Diante disso, o casamento entre pessoas de clãs consanguíneos, como sugere a classificação por cor da tabela, nos induz a um equívoco, posto que eles não são realmente consanguíneos. O casal walipere de Canadá revela no estudo de seu caso que eles não são verdadeiramente parentes consanguíneos relacionados agnaticamente (-kitsinape), mas parentes co-afins relacionados por parentesco uterino (-doenai). A possibilidade de tais casamentos são as relações de co-afinidade. Descrevi acima que parentes de um mesmo clã se consideram irmãos verdadeiros (-kitsinape kantsa) e parentes de fratria se consideram irmãos (-kitsinape).

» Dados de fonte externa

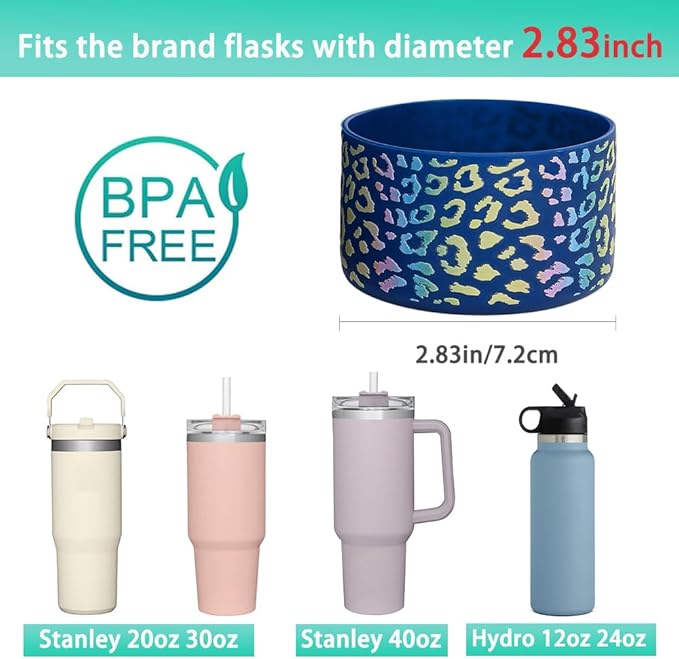 WK IEASON 2 Pcs Tumbler Bottom Protector Boot for Stanley Quencher Adventure 40oz & Stanley IceFlow 20oz 30oz, Stealth Landing-2.83inch Bottom Diameter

Ocorre que na fratria Walipere do Aiari, as diferenças internas não assumem as feições de um clã. Poderíamos supor que, por um lado, a fratria Walipere subsumiu no tempo os diferentes clãs em uma coletivização ou, por outro lado, que o clã cresceu tanto a ponto de parecer uma fratria. Para os dois casos, as reclassificações terminológicas que descrevi expressam a reposição da diferença, mas não infletida sob a forma de clãs diferentes. Não podemos atribuir a estes casos, simplesmente, o rótulo da exceção, pois que eles não significam somente um desvio, uma falha nas “regras”. No lugar, seria preciso entender estes casamentos como o reestabelecimento das diferenças. Neste caso não é uma falha do parentesco, ao contrário, trata-se da otimização do parentesco baniwa que mobiliza todos os seus recursos para lidar com a ameaça de que a diferença possa ser subsumida pela identidade. O princípio que tende a organizar o nexo exogâmico – o parentesco agnático - pode ser suplantado, com igual eficácia ainda que com alguma reprovação, pelo princípio egocentrado atualizado por meio do parentesco uterino. O que demonstra de modo interessante como estes dois planos do parentesco expressos em escalas diferentes, sociocentrado e egocentrado, são análogos, mas não idênticos, podendo tomar um o lugar do outro.

Diante disso, a fratria se apresenta como uma condensação de clãs. No caso da fratria Hohodene, esta “nuvem” possui uma densidade que nos permite vislumbrar emblematicamente as diferenciações sociais por meio dos clãs (Hohodene, Maolieni, Awadzoro); por sua vez, no caso da fratria Walipere, esta condensação é tão densa que não permite, a um primeiro olhar, identificar suas distinções, pois não objetificadas emblematicamente por meio de clãs distintos. As diferenças internas à fratria Walipere, que toma a forma de linhas agnáticas distintas não nomeadas, comporta-se analogamente às diferenças objetificadas na forma de clãs, observadas na fratria Hohodene. Talvez tenhamos entrado, neste tópico, em relações que ainda não foram suficientemente apresentadas para acompanharmos suas nuances. Tentarei realizar isso no próximo capítulo quando eu descrever a relação entre os clãs de modo mais explícito.